Hope Hoadley moved to Kenai from Wasilla in September after being told by her other schools that she wouldn’t be graduating this year. Hoadley said she felt welcome on her first day at Kenai Alt, and they helped her prove the other schools wrong. Now, Hoadley is on her way to the Alaska Job Corps Center in Palmer to pursue a career in the culinary arts.
Michael Metz was home-schooled before he started attending Kenai Alt, and he said he wouldn’t have had as much success if he attended any other school.
“The Kenai Alt has done more than help me graduate,” Metz said in his speech during the ceremony. “It’s helped me figure out what I want to do with my life.”

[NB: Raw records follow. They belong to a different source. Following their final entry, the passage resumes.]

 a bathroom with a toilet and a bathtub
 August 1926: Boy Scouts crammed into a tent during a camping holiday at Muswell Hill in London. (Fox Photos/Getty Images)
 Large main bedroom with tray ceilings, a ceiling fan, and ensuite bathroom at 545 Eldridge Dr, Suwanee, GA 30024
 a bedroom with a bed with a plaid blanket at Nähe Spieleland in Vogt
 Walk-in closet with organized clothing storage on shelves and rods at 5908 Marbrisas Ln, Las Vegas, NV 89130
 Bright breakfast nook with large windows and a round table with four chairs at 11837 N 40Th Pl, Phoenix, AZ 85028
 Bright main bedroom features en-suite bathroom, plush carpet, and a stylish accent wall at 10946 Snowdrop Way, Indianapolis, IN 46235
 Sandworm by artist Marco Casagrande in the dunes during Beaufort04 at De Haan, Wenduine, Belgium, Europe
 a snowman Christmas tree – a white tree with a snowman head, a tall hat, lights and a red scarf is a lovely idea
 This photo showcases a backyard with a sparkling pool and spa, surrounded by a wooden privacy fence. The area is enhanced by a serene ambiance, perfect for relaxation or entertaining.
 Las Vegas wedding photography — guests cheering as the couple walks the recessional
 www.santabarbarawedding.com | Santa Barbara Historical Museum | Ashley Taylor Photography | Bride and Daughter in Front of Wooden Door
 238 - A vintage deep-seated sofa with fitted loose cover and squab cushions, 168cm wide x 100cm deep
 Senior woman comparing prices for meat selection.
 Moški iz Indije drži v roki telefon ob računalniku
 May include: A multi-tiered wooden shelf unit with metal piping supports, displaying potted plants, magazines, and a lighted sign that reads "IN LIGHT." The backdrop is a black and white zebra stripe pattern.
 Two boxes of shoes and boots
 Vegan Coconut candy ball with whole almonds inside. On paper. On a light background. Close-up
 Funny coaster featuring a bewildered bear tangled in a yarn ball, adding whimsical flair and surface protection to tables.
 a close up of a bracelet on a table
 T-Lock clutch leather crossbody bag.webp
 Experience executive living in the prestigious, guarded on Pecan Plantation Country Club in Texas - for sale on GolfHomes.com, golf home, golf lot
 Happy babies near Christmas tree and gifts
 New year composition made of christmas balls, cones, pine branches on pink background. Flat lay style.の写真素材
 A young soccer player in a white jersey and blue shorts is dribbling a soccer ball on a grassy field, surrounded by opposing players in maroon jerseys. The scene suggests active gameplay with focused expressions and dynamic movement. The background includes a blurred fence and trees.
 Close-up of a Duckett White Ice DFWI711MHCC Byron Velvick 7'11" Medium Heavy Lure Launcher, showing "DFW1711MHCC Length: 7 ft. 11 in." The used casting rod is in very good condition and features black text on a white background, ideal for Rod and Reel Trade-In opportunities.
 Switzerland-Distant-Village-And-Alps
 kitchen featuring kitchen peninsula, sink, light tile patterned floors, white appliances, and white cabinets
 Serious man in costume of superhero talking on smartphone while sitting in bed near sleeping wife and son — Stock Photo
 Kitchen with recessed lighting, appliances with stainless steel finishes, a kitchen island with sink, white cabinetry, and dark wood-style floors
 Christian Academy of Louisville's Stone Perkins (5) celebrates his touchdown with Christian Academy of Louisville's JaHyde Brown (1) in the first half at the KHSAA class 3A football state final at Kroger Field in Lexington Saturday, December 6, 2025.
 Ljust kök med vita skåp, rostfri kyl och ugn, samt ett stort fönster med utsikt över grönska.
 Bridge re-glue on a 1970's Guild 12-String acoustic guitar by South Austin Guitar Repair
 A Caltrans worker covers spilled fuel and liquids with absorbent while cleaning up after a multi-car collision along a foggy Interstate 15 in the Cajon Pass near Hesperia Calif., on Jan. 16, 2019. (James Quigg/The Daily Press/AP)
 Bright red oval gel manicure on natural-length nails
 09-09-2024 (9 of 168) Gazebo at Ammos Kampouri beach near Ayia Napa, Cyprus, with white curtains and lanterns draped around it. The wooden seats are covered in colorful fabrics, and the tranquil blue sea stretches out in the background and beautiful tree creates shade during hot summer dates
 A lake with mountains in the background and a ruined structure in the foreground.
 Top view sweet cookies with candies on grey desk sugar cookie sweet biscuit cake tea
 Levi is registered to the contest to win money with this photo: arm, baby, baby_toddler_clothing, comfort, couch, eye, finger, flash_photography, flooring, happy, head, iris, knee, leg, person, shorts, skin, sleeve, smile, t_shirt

Metz received a handful of awards and scholarships during the ceremony, including the Most Outstanding Student Award from the local Masonic Lodge and a scholarship from UAA for over $11,000. In less than two weeks, Metz will be attending boot camp for the Marine Corps Reserve before returning to start classes at KPC. His long-term goal is to eventually become a lawyer for the Marine Corps.
All of the 2019 graduates were recognized with individual awards during the ceremony that ranged from sincere — such as the “Perseverance” award given to India Bates for overcoming adversities during her academic career — to the silly, with Josh Gonion receiving the “Apple” award for eating an apple every single morning of senior year.